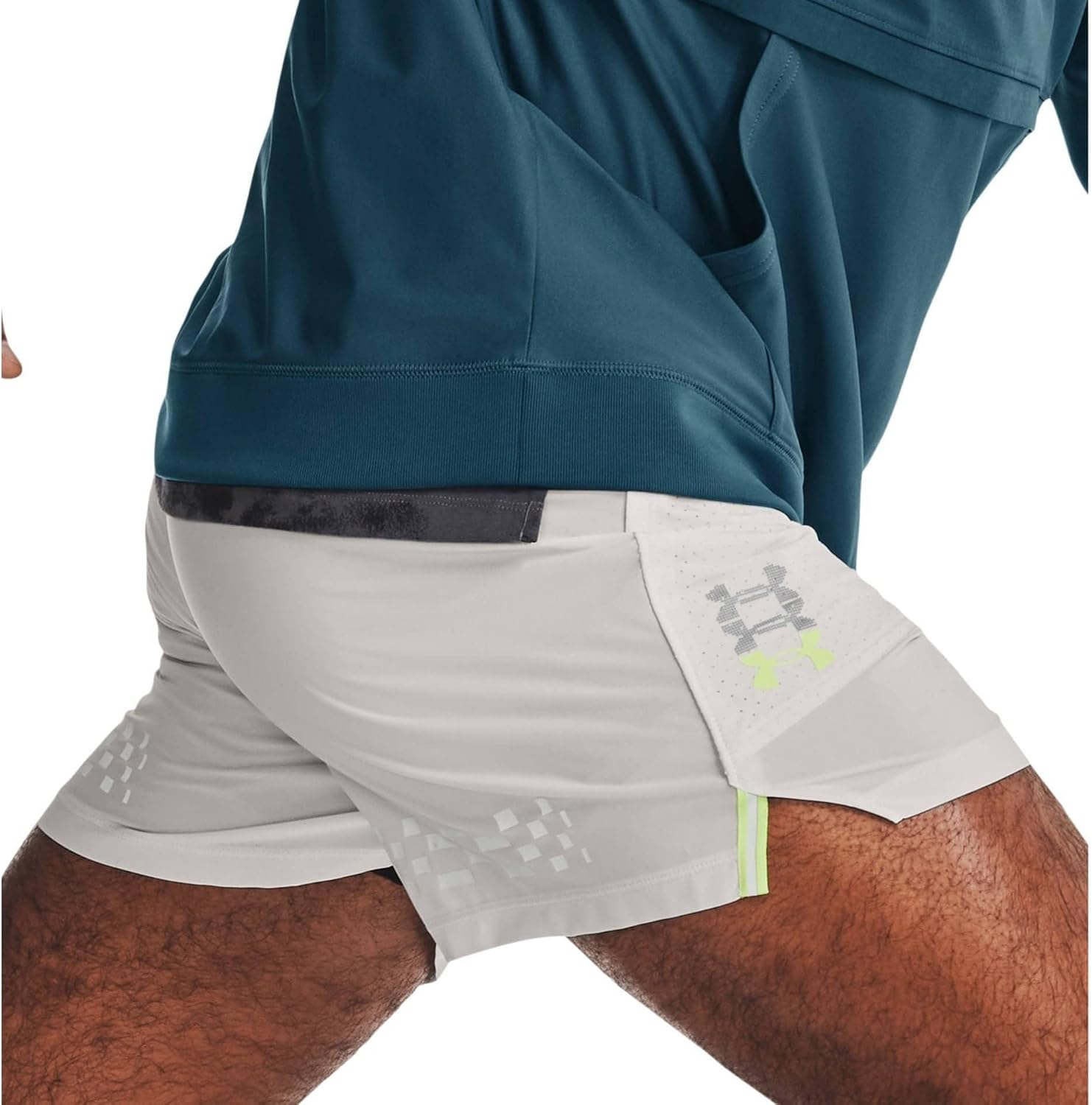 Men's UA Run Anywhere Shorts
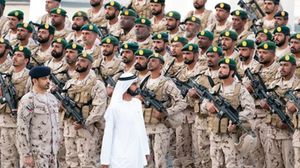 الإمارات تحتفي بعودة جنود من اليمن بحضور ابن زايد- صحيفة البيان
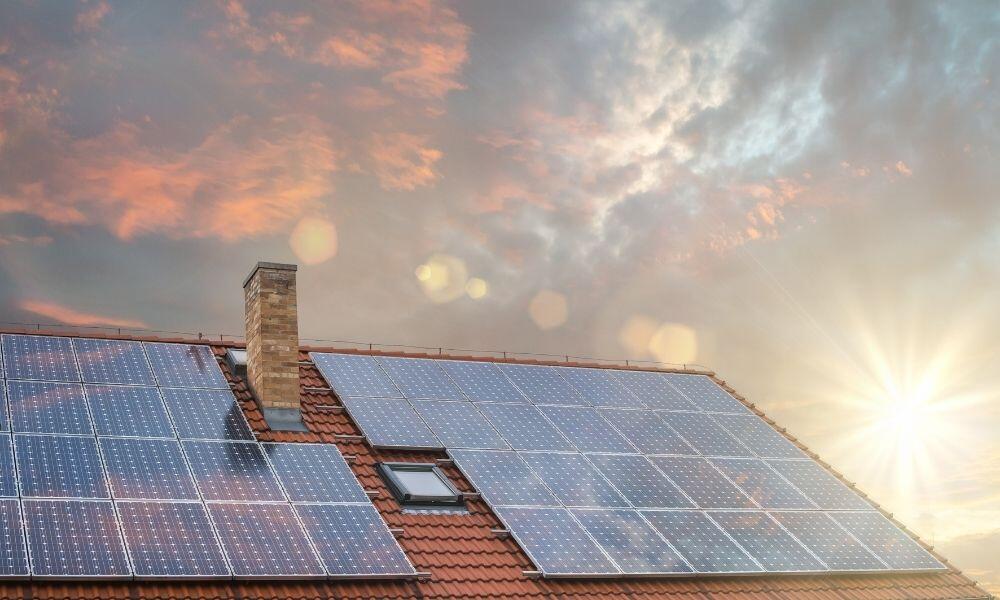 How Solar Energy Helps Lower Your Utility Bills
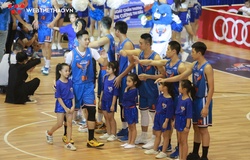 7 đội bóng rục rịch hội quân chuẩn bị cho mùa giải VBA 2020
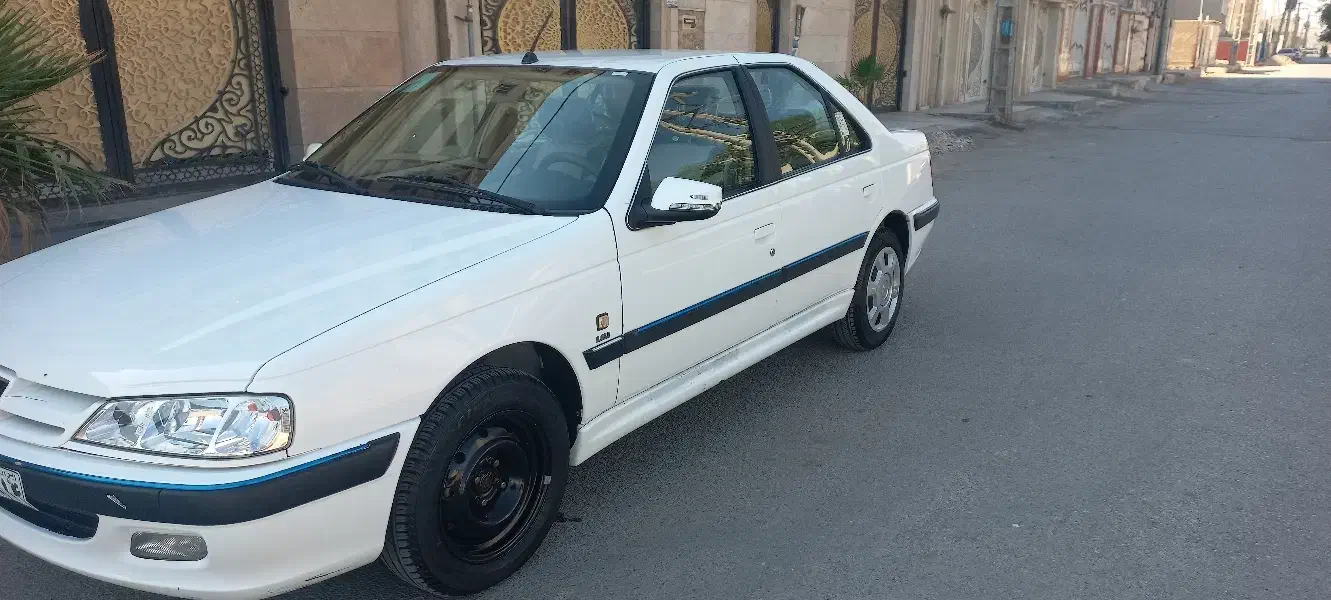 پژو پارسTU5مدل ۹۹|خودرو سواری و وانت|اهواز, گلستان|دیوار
...
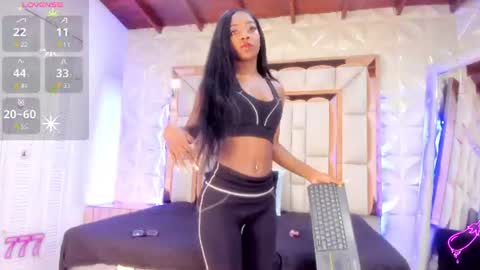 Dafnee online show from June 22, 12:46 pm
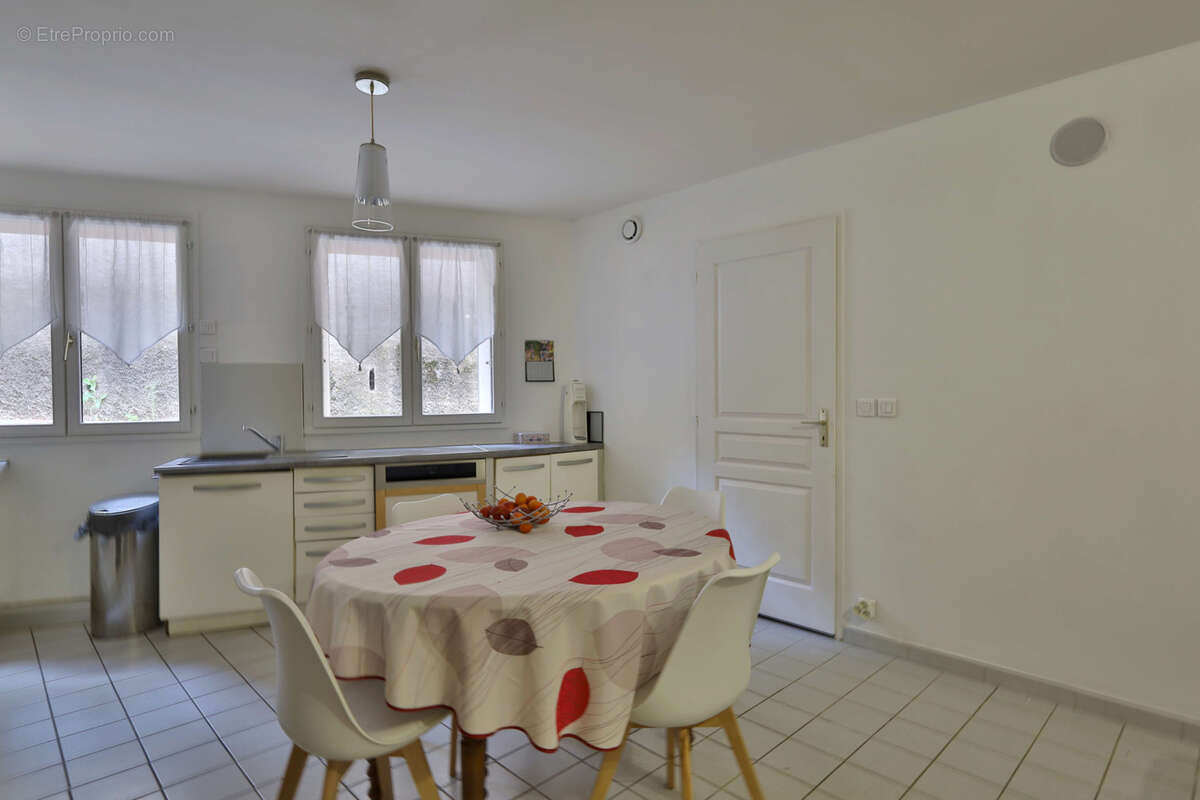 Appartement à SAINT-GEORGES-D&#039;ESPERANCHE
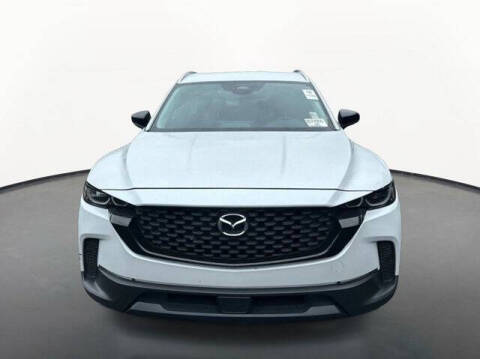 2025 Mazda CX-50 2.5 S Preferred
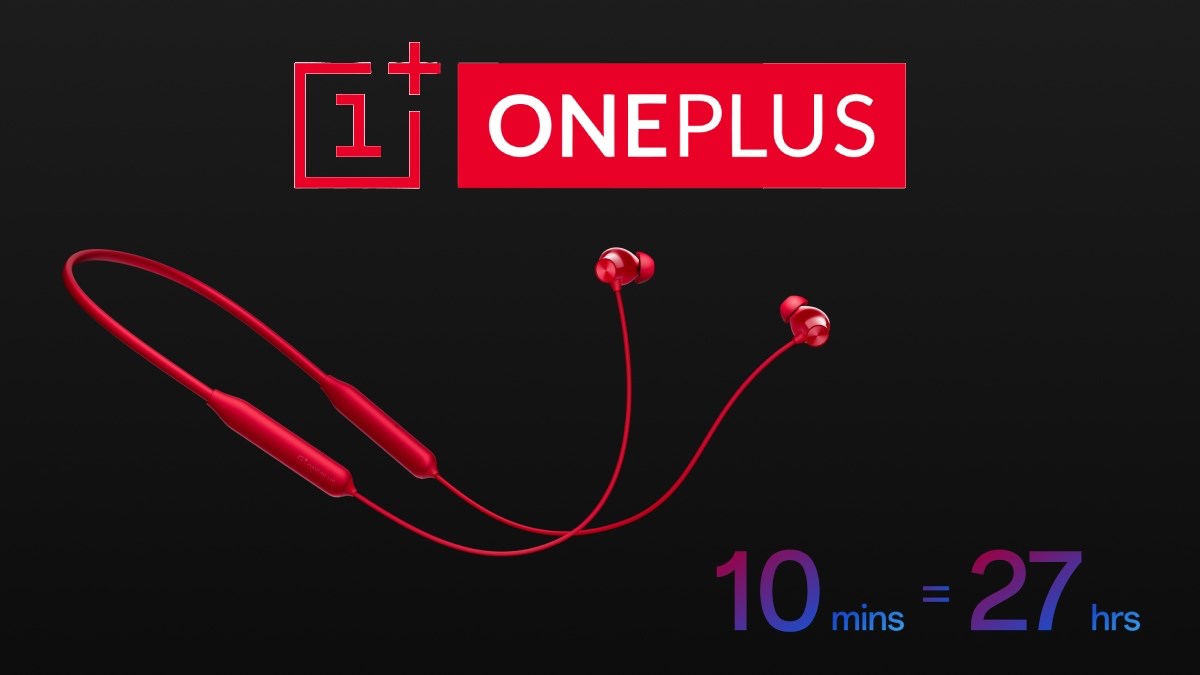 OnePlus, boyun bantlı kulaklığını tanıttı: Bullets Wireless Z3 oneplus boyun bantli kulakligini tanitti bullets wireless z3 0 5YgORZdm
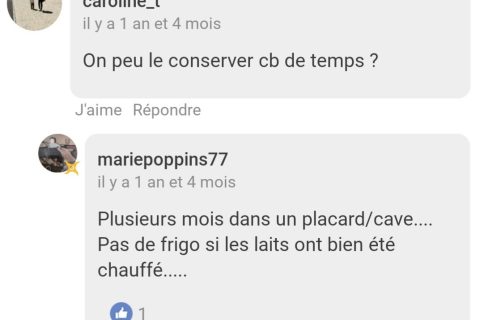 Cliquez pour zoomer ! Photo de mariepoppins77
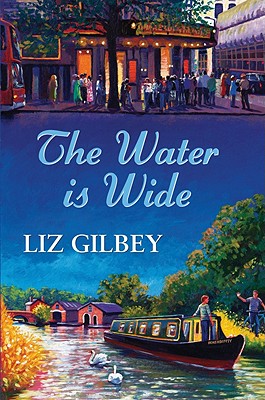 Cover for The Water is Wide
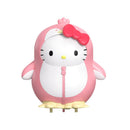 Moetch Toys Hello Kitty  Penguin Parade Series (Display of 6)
==
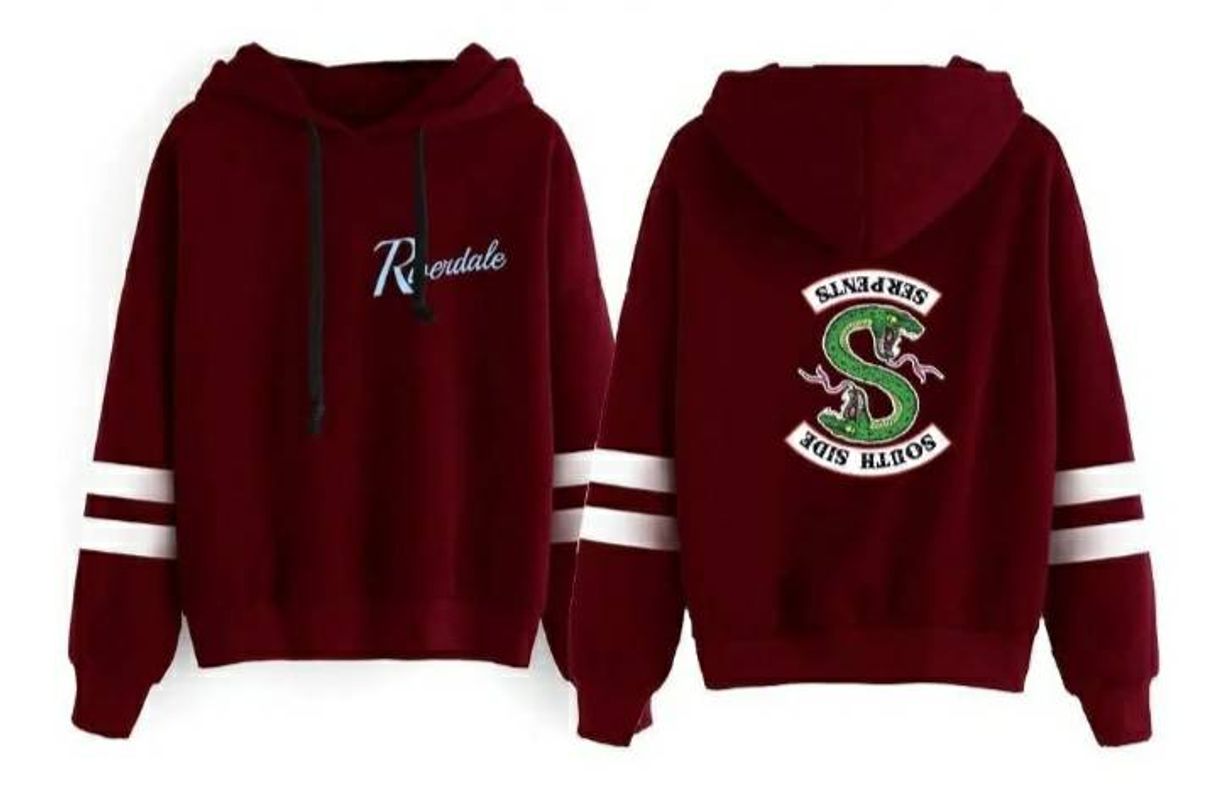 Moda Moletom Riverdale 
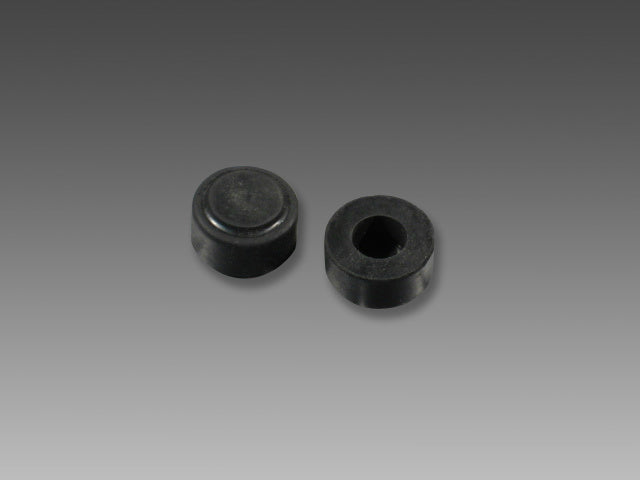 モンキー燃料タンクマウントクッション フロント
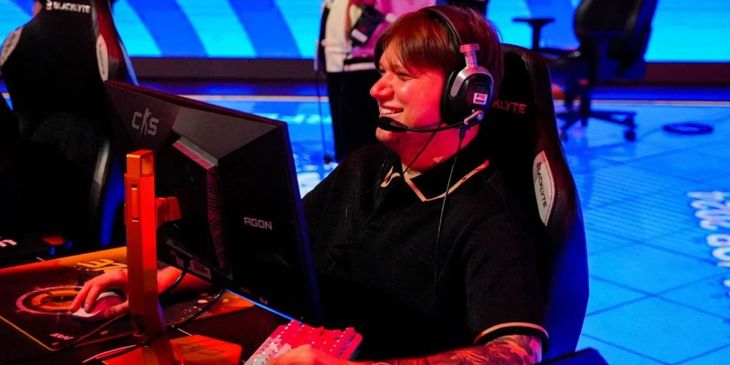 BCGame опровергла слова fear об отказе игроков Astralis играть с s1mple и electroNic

**Work task**
Copy the lines above exactly, starting with the line that contains "Men's UA Run Anywhere Shorts" and ending with the line that contains "پژو پارسTU5مدل ۹۹|خودرو", and leave out any pictures.

**Output**
 Men's UA Run Anywhere Shorts
 الإمارات تحتفي بعودة جنود من اليمن بحضور ابن زايد- صحيفة البيان
 How Solar Energy Helps Lower Your Utility Bills
 7 đội bóng rục rịch hội quân chuẩn bị cho mùa giải VBA 2020
 پژو پارسTU5مدل ۹۹|خودرو سواری و وانت|اهواز, گلستان|دیوار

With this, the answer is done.